* WHAT THE EXERCISE ASKS
Everything in the listing below must be reproduced exactly, apart from its images.
[INPUT DATA Boundary: Start]
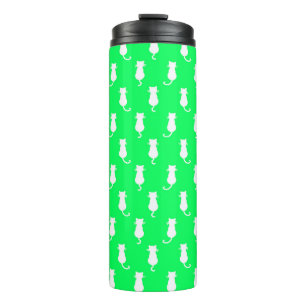 Abgeschiedene weiße Katze im Aqua Green Polka Dot Thermosbecher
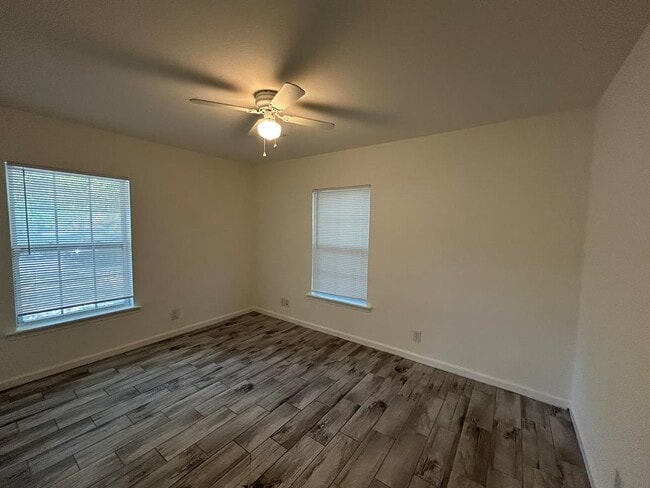 Building Photo - 6512 Linda Ln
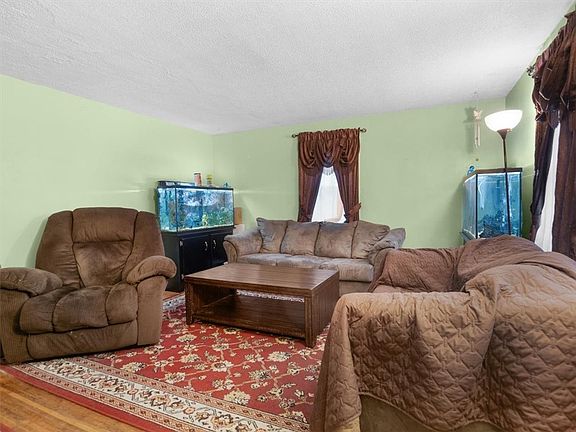 4th image of 1863 Norton St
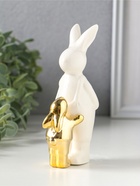 Фигурка керамика «Заяц в комбинезоне с золотым зайчонком», 7.5×4.5×13.8 см - Фото 1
[INPUT DATA Boundary: End]
* WRITTEN ANSWER
 Abgeschiedene weiße Katze im Aqua Green Polka Dot Thermosbecher
 Building Photo - 6512 Linda Ln
 4th image of 1863 Norton St
 Фигурка керамика «Заяц в комбинезоне с золотым зайчонком», 7.5×4.5×13.8 см - Фото 1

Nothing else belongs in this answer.